How much of a signal improvement are we talking here.


----------



## moonman (Jul 21, 2004)

ebonovic said:


> I'll ask the same question that I did over at dbstalk.com
> 
> Will this suttle change by .15 mean we need to tweek our dishes, or is the movement basically going to do the "tweaking" for us.
> 
> How much of a signal improvement are we talking here.


Earl...I think their is enough "play" in the angle to make the move OK without
realignment..they can "bump" the position slightly to improve the angle, but
they need permission from the FCC so they don't hit anything else in that spot
(including debris...booster parts etc)


----------



## ebonovic (Jul 24, 2001)

DAhhh... just move it... they won't notice..
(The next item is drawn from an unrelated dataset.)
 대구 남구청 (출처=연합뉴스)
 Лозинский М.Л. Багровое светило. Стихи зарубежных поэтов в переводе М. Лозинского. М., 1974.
They are too busy with the Space Shuttle..


----------



## rminsk (Jun 4, 2002)

ebonovic said:


> DAhhh... just move it... they won't notice..


What are they going to do if DirecTV moves it without permission? Shoot it down?


----------



## pintnight (Oct 6, 2004)

rminsk said:


> What are they going to do if DirecTV moves it without permission? Shoot it down?


FCC might order DirecTV to turn off the sat and/or fine them a lot of money.


----------



## rminsk (Jun 4, 2002)

pintnight said:


> FCC might order DirecTV to turn off the sat and/or fine them a lot of money.


You did notice the big old smiley face at the end of my post. It was a joke...


----------



## rkester (Jan 10, 2005)

I certainly hope it doesn't require reaiming. But if it does, DTV better do it for free or they are going to have a large amount of very irate customers with no signal

shoot it down? lol. i can see some crazy missle launch to take it out hitting something important like the HBOHD


----------



## hoopsrgreat (Jan 2, 2005)

how do they (FCC) cotrol these things. What if N Korea wants to put a Satelite .... hell, wherever they please. Who controls space??


----------



## rkester (Jan 10, 2005)

I don't think its space thats important here. its the fact that this sat is beaming info to the USA and the FCC therefore is presiding over it.

But I dunno what would stop a foreign power from doing the same to send us propaganda. then again who says they arent and the govnt is jamming it.


----------



## unclejon (Feb 5, 2003)

rkester said:


> But I dunno what would stop a foreign power from doing the same to send us propaganda. then again who says they arent and the govnt is jamming it.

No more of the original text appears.